The so-called American University of Malta failed miserably to reach its targets as promised at a joint press conference with Prime Minister Joseph Muscat a few years back. The latter, we were told, decided on the spur of the moment to give Żonqor to the Sadeen Group. Mr Sadeen seems to have charmed our Prime Minister - and got away with a large tract of land at Marsascala, and a prime location in the heart of Cottonera.  That was a luck encounter indeed. 

 

A mess 

Forward to today and it's a mess.  A shame, really, for private educational institutions should be encouraged.

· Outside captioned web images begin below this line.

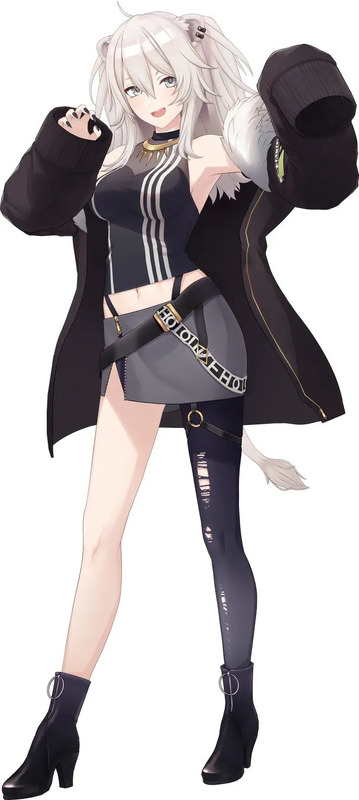 白髪の女性キャラクターのイラスト。黒いジャケットとトップス、グレーのスカート、黒いブーツを着用。手には黒いネイルがあり、顔には笑顔が見える。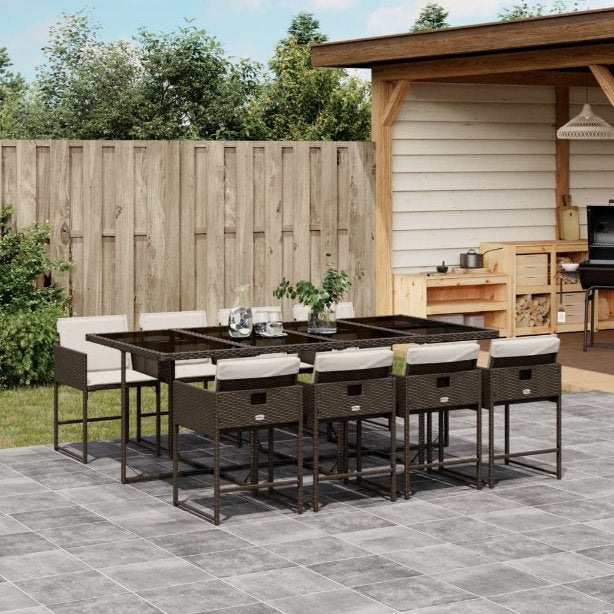 5-tlg. Garten-Essgruppe mit Kissen Schwarz Poly Rattan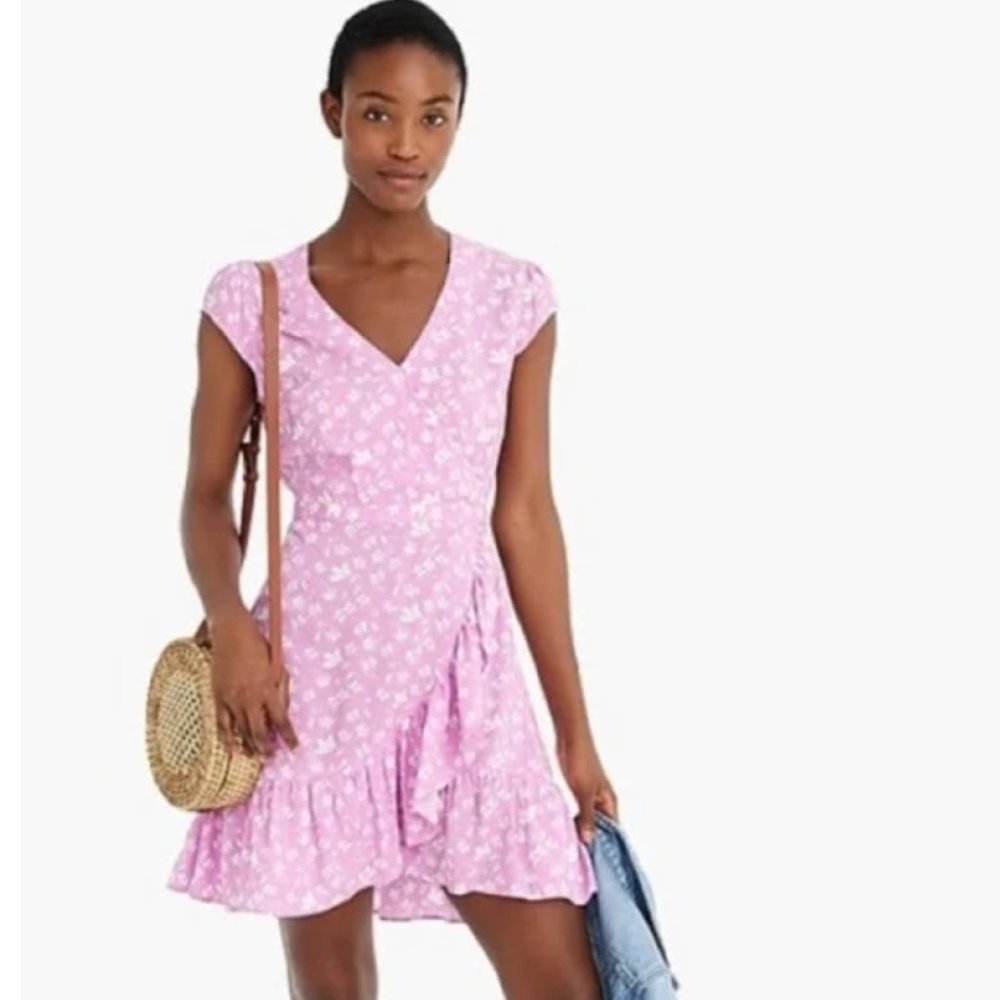 J Crew ruffle floral faux wrap dress, size 2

Foreign ones, nonetheless, but it is ridiculous to hand large tracts of unspoiled land to a business man with no track record to show for in this field.  Instead of granting them a licence and allowing them to build small - as start-ups usually do - our government was quick to bend over backwards to accommodate them. The reason for this foolishly rushed decision is anyone's  guess.

 

Busuttil, Delia 

Time has proved Simon Busuttil right.  He had campaigned, vociferously, against the granting of the land to Sadeen, and was accused of being 'negative' and of working 'against Malta's interests'. But he was right, and his successor, Adrian Delia took the right decision of continuing what Busuttil had started.  

 

No regrets 

I am tempted to say that from this mess, the government should learn a lesson: people's property should not be disposed of on the basis of 'I-have-a-good-hunch-this-is-a-trustworthy-investor'. But it's pointless, really. For the government doesn't look, or sound worried; the Prime Minister, probably, has no regrets in giving Żonqor away on a proverbial silver platter, and Sadeen will probably get to keep our land. 

 

Ours

And before I'm accused by the usual government apologists of 'being negative', let me spell it out clearly: if demanding what is rightfully ours is negative, then I shall wear the 'negative' medal proudly on my chest.  

Foreign investment is always welcome, but dubious investment... that shouldn't be touched with a barge pole, let alone given five-star treatment.  

 

Gone with the wind 

What was promised to be a university  in Malta's  southern region has gone with the wind, swept away, it seems, by the fierce wind which blows on the fertile land at Żonqor.